3. 要点解説
(1)事業場外のみなし労働時間制について
労働基準法では、以下のとおり定められています。
第38条の2
- 労働者が労働時間の全部又は一部について事業場外で業務に従事した場合において、労働時間を算定し難いときは、所定労働時間労働したものとみなす。

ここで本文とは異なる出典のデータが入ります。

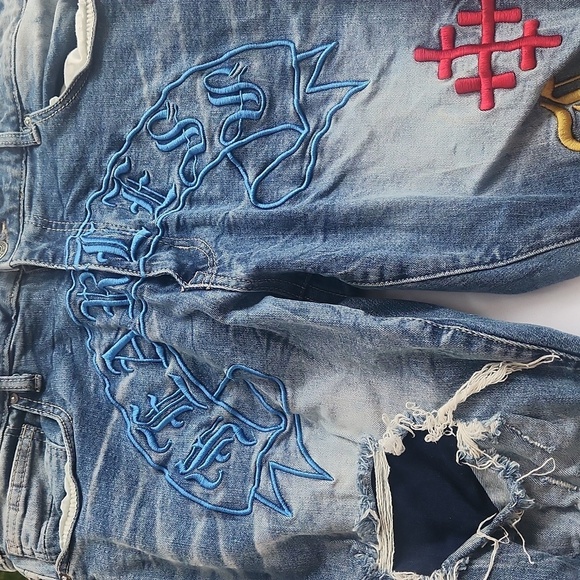 Smoke Rise Stylish Blue Distressed  Jeans - Picture 2 of 10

ただし、当該業務を遂行するためには通常所定労働時間を超えて労働することが必要となる場合においては、当該業務に関しては、厚生労働省令で定めるところにより、当該業務の遂行に通常必要とされる時間労働したものとみなす。
- 2前項ただし書の場合において、当該業務に関し、当該事業場に、労働者の過半数で組織する労働組合があるときはその労働組合、労働者の過半数で組織する労働組合がないときは労働者の過半数を代表する者との書面による協定があるときは、その協定で定める時間を同項ただし書の当該業務の遂行に通常必要とされる時間とする。

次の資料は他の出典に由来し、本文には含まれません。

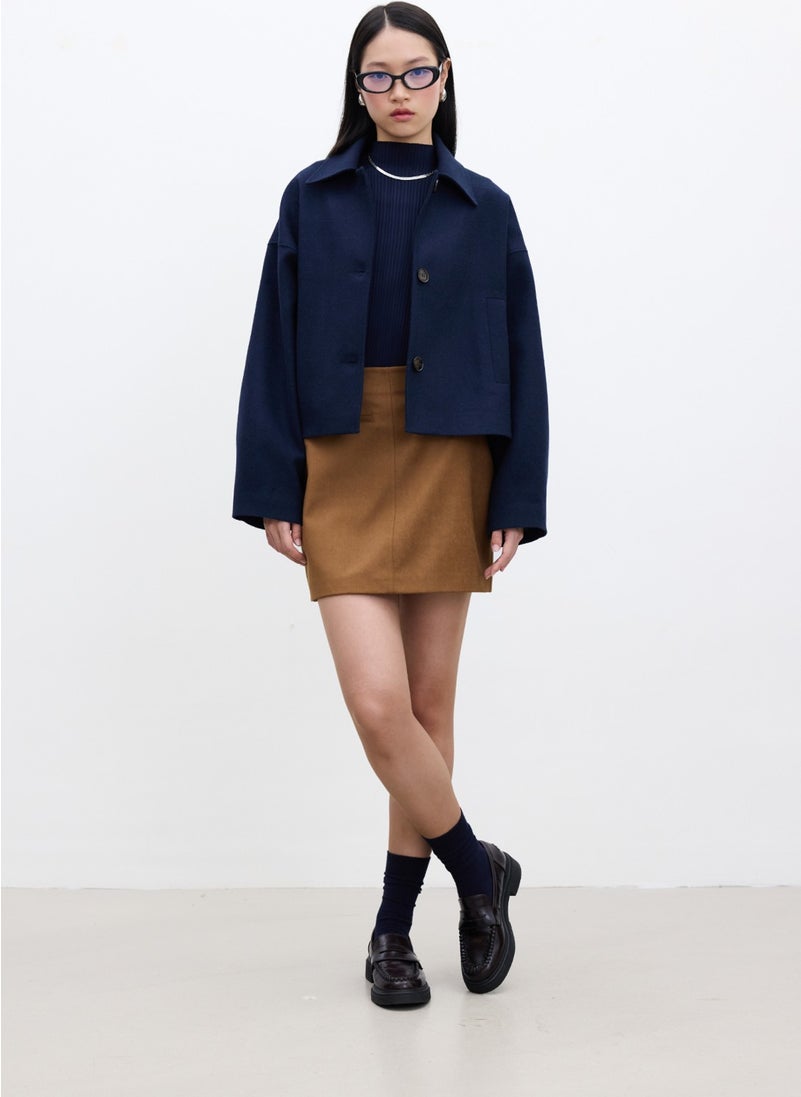 Faux Leather Mini Skirt Camel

- 3使用者は、厚生労働省令で定めるところにより、前項の協定を行政官庁に届け出なければならない。
上記の労働基準法第38条の2による事業場外労働のみなし労働時間制とは、労働者が業務の全部または一部を事業場外で従事し、使用者の指揮監督が及ばないために、当該業務に係る労働時間の算定が困難な場合、その事業場外労働については、所定労働時間など「特定の時間」を労働したとみなすことのできる制度です。

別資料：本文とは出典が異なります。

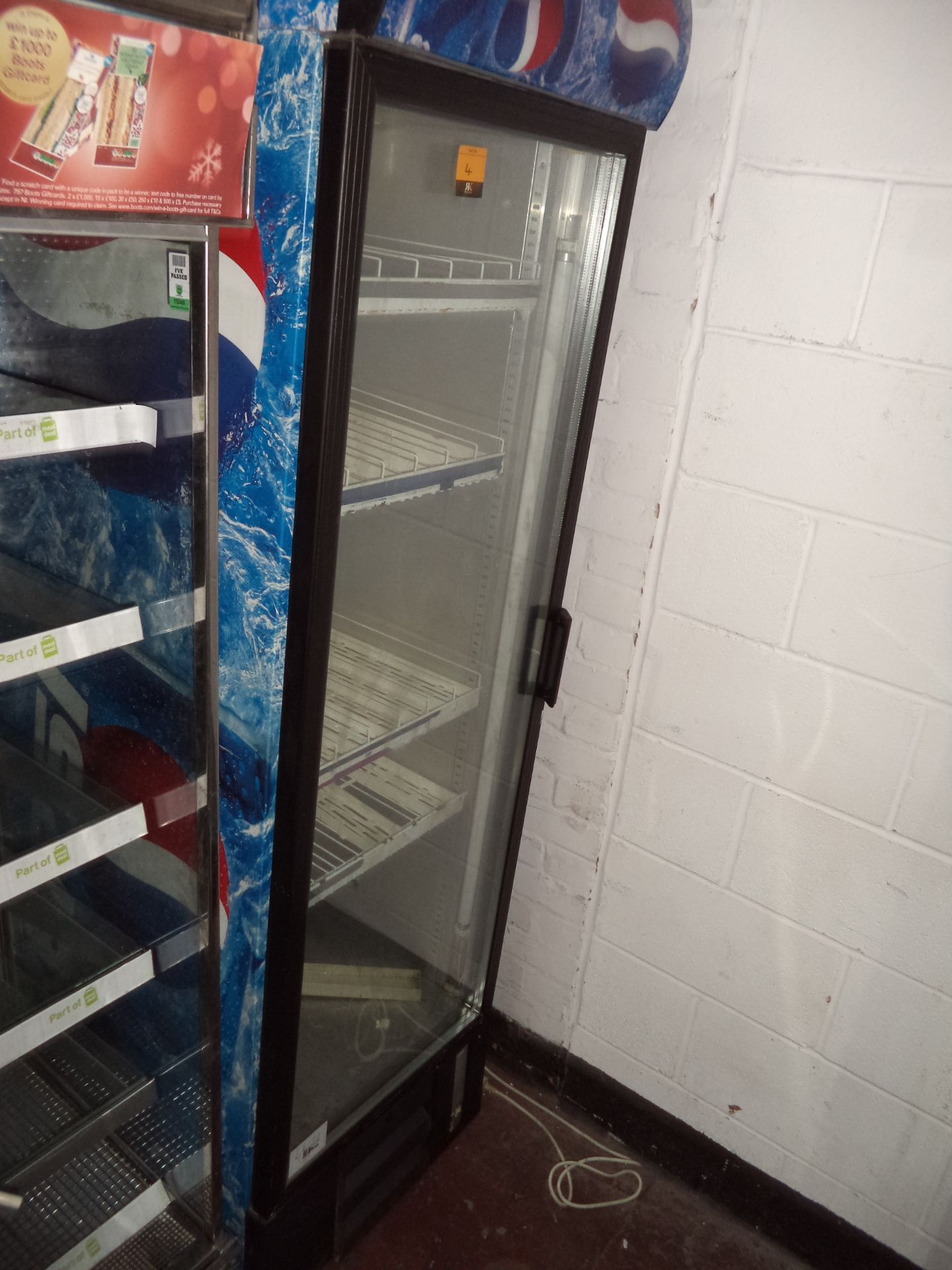 Pepsi branded tall single clear door display fridge IMPORTANT: Please remember goods successfully - Image 2 of 3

したがって、事業場外のみなし労働時間制を適用するには、「当該業務に係る労働時間の算定が困難な場合」が前提となります。
なお、次のように事業場外で業務に従事する場合であっても、使用者の指揮監督が及んでいる場合については、労働時間の算定が可能であるとみなされ、事業場外のみなし労働時間制の適用はできないとされています。
- 何人かのグループで事業場外労働に従事する場合で、そのメンバーの中に労働時間の管理をする者がいる場合
- 無線やポケットベル等によって随時使用者の指示を受けながら事業場外で労働している場合
- 事業場において、訪問先、帰社時刻等当日の業務の具体的指示を受けた後、事業場外で指示どおりに業務に従事し、その後、事業場に戻る場合
(2)今回のケース
Xの制作業務は、おおむね事業場外の労働であることは認めたものの、企画書採用後は、Xから報告された日々の作業内容で進捗確認できること、携帯できる端末で勤怠管理システムに報告できること、撮影映像で撮影時刻が記録できることなどから、労働時間を算定し難い場合とは認められず、事業場外のみなし労働時間制の適用が否定されました。